Leaving a purpose built football-specific stadium - Hongkou

Shanghai Shenhua has outraged its support by announcing it will play its CFA cup games this season in the city of Wuhu in Anhui province. The club confirmed the plan on its offical weibo, and Sina Sports quoted anonymous figures who said moves were afoot to have Shenhua play all of its games in the city next season.

The report also quoted a local government offical who demonstrated his utter lack of understanding of football culture, by saying Shenhua did “not only belong to Shenhua fans, but to the fans from all over the entire country.” The official said preparation work was underway and that Wuhu was warmly welcoming Shenhua to the city’s Olympic Stadium for its match in the CFA cup against Yanbian of the second tier China League, on September 21.

The CFA cup was resuscitated this year after an absence of five years because of a lack of sponsorship, and, allegedly, a lack of space in the fixture calendar due to the Olympics, an event which lasted only a few weeks.

Shenhua recieved a bye to the quarter finals on account of being one of China’s four represenatives in the Asian Champions League this season. Interestingly, the CFA cup winners will recieve direct entry into the ACL, instead of this year’s 4th placed Chinese Super League team. So, the CFA represents the only realistic way into the continental competition for Shenhua, who are in the midst of a record-breaking 8-game winless streak and having their worst season since 2004.
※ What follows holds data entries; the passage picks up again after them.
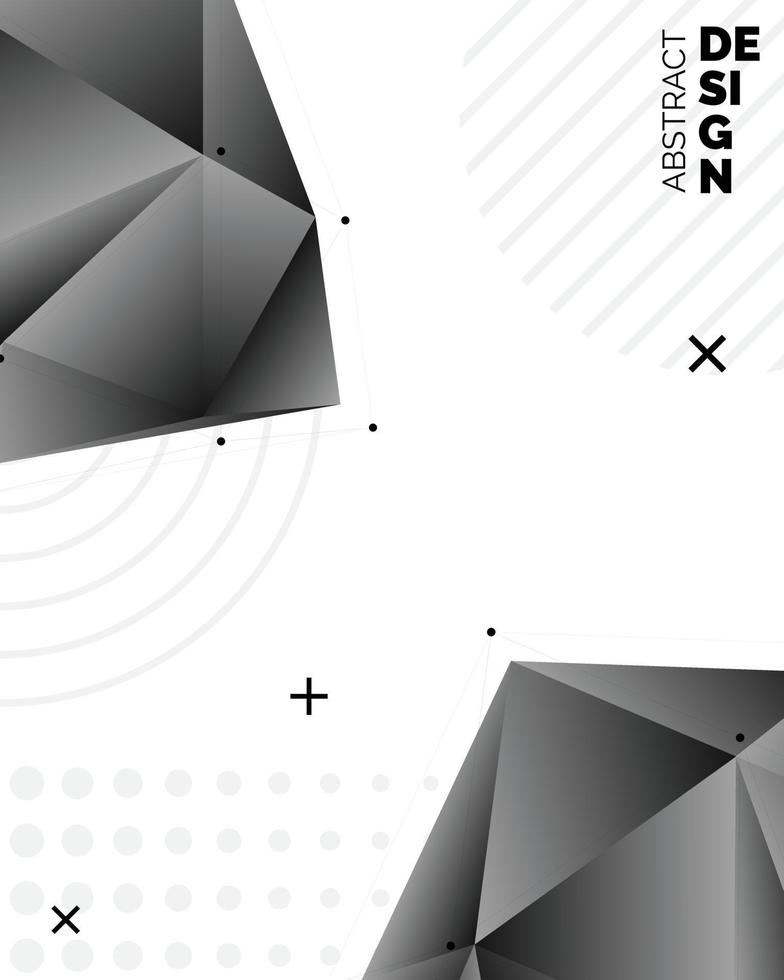 Vector set of faceted 3d crystal colorful shapes. banners. Faceted 3d shapes. crystal banners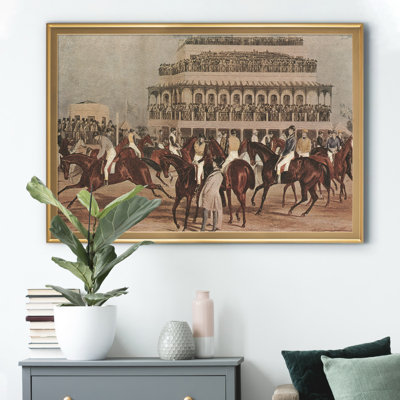 The Grand Steeple Chase I - Matted and Framed Under Acrylic Glass, Large Living Room Wall Art
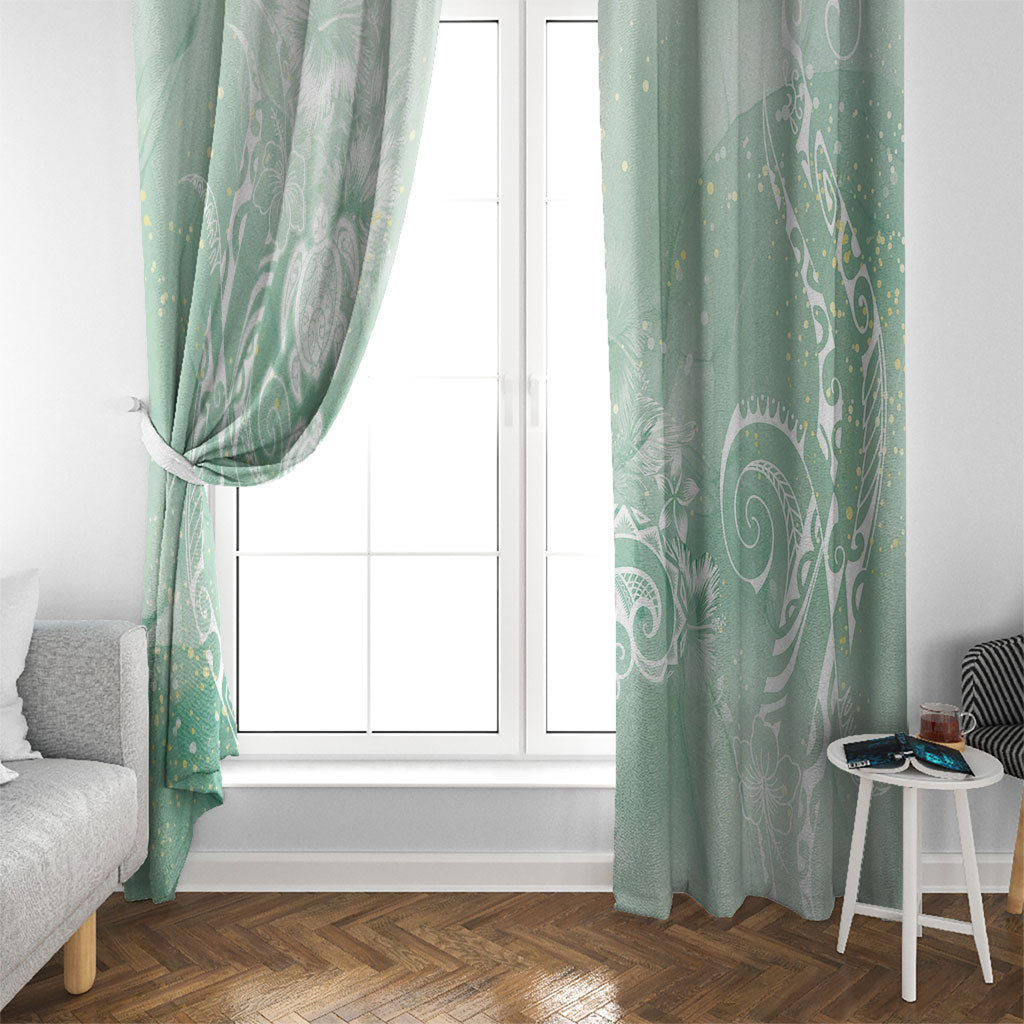 Aloha Hawaii Turtles Floral Window Curtain Seafoam Marbles Glaze LT7 - Polynesian Pride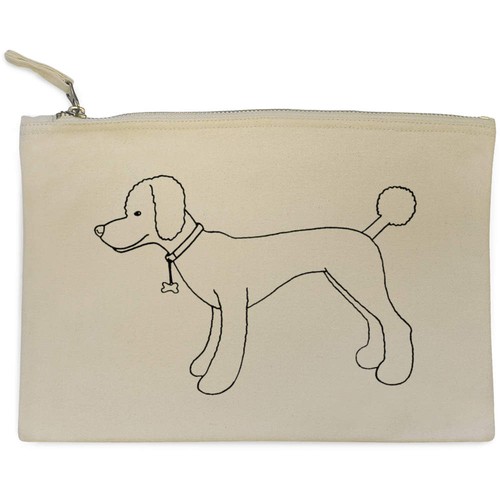 Poodle dog canvas zip clutch - dog',
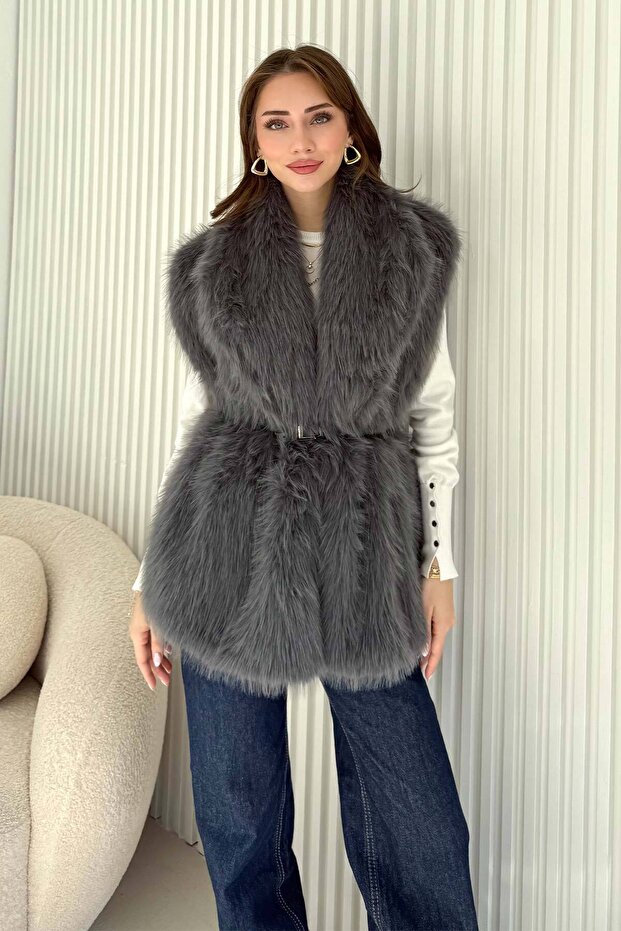 Belted Fur Vest 32-3705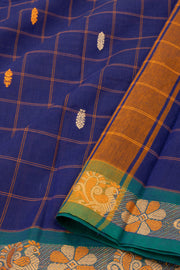 Ink Blue Handloom Chettinad Cotton Saree 10077319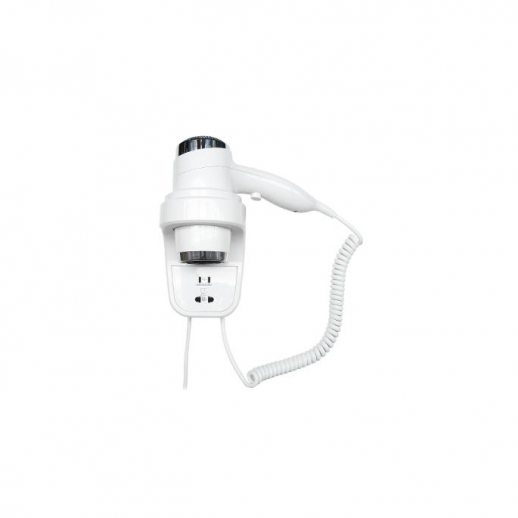 Фен для волос NOFER HOTELline 02012.W настенный 2200 W с розеткой, белый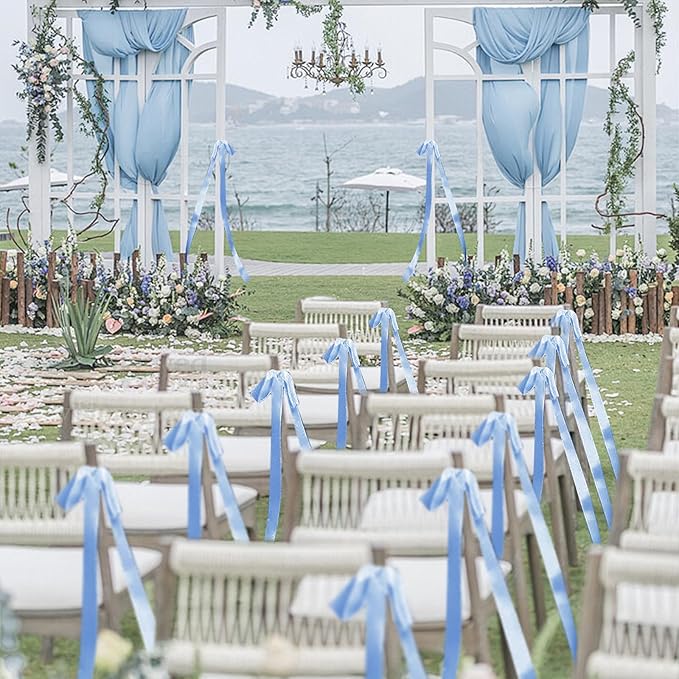 24 Pcs Large Wedding Blue Ribbon Bows - Image 4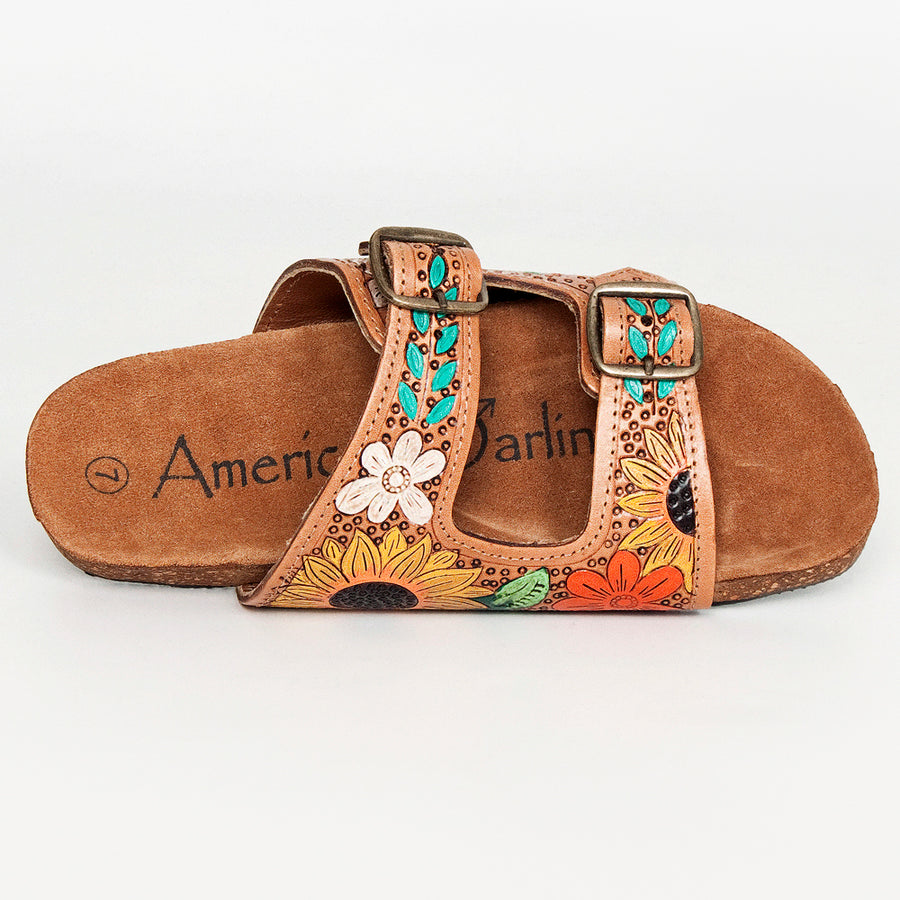 American Darling Hand Tooled, Carved Genuine Leather Sandal Footwear Flip Flop | Tooled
Word on the Hongkou terrace is that whilst the deal has been struck for Shenhua to play its CFA cup games there (which may only be one match should they be beaten by Yanbian), one Blue Devil simply said when asked about the prospect of Shenhua playing in Wuhu next year,  “I don’t think that is going to happen” and said there was nothing to worry about.

Nevertheless, under-fire Shenhua owner Zhu Jun has once more seriously disrespected the fans by moving the only remaining games in which Shenhua has anything to play for this season, to a city nowhere near Shanghai, and surely now Zhu Jun has cemented his status as a hate figure amongst the entire support, if he was not already.

UK trained journalist and long-time Chinese football observer Cameron Wilson has been writing about Chinese football for over a decade...

9 Comments

9 Comments

  1. Steve

    18/08/2011 at 23:35

    Wow. As you say, “only in the CSL”. Or maybe “only outside of Europe” — don’t wish to sound snobbish, but it’s an awful lot easier to treat teams as franchises rather than social clubs when theytypically have a history of 20 years in a city rather than 120.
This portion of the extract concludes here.